I'm sure there are other browsers that support flash, I'll be testing out quite a few and I can make a list here.

*List of browsers that DO support flash on the Nexus 7*:
Firefox Beta
Maxthon Browser
Fennec (Aurora Nightly)
Dolphin HD 8.5.x (8.6+ does not support)
*List of browsers that DO NOT support flash on the Nexus 7*:
Chrome (The default browser installed)
Opera Mobile (This crashed on me clicking on a flash video, anyone else can confirm?)
Any thoughts, tips or tricks for Flash on the Nexus 7?


----------



## nhat

If you're going to install Firefox beta, install Aurora instead.


----------



## fac7orx

I use version 8.51 of dolphin which you can get here:

http://www.apktops.c...r-hd-8-5-1.html

(Go to the bottom and select download from apktop)

The new version 8.6 does not support flash, which is why you have to use the older version and not update it. The reason I am using dolphin over Firefox is because Firefox crashes on me with flash for some reason.


----------



## FranzVz

nhat said:


> I use version 8.51 of dolphin which you can get here:
> 
> http://www.apktops.c...r-hd-8-5-1.html
> 
> (Go to the bottom and select download from apktop)
> 
> The new version 8.6 does not support flash, which is why you have to use the older version and not update it. The reason I am using dolphin over Firefox is because Firefox crashes on me with flash for some reason.


Good to know that earlier versions of some browsers still work, I wonder why new one's dropped support. Update the list, thanks fac7orx.


----------



## k.electron

i just downloaded dolphin from the market and flash seems to work.

update: spoke too soon.. the new version forces flash to be off... what crap.


----------



## fireplug

Look here to get JB, Flash and latest Dolphin with pinch zoom playing together. 

Cheers

http://rootzwiki.com/topic/32777-guide-jellybean-flash-dolphin-browser-with-pinch-zoom-working/


----------



## Millioke

This doesn't seem to work for me. Just keeps saying "X app not installed"

Sent from my Nexus 7 using Tapatalk 2


----------



## fireplug

Millioke said:


> This doesn't seem to work for me. Just keeps saying "X app not installed"
> 
> Sent from my Nexus 7 using Tapatalk 2


Are both of your devices rooted so Titanium backup can make data backups and restores?


----------



## Millioke

Yup... I'm rooted and ti backup-able. The gnex is working with flash and jb. Flash doesn't want to install on the 7 for some reason.

Sent from my Nexus 7 using Tapatalk 2


----------



## h2on0

Thankyou!
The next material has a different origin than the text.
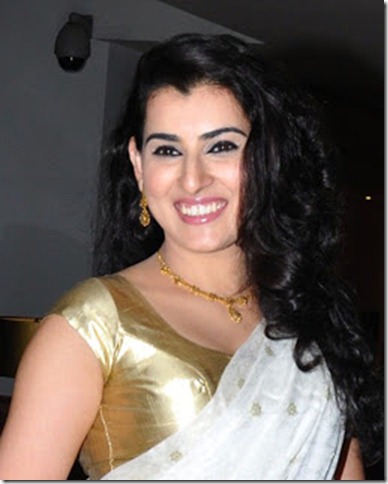 archana-hot-photos-in-white-saree (5)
Combination of firefox beta and flash 11.1 worked.


----------



## NateMob

Can someone post another link for a Flash download? it has been pulled from media fire for"terms violation" .

Sent from my Galaxy Nexus


----------



## mfsanthany

Thank you, thank you. Just purchased the Nexus 7 and found the Chrome (default browser) was disappointing because it didn't show Flash video, eg. video reports at cnn.com etc and Aurora and Firefox Beta did!

Wonderful!


----------



## jkhouw1

I use the Android stock browser from the Galaxy Nexus + flash - works great.


----------



## thepolishguy

Thanks. Works like a charm. Now I can watch my Amazon Prime movies on my Nexus 7

Sent from my Nexus 7 using Tapatalk 2


----------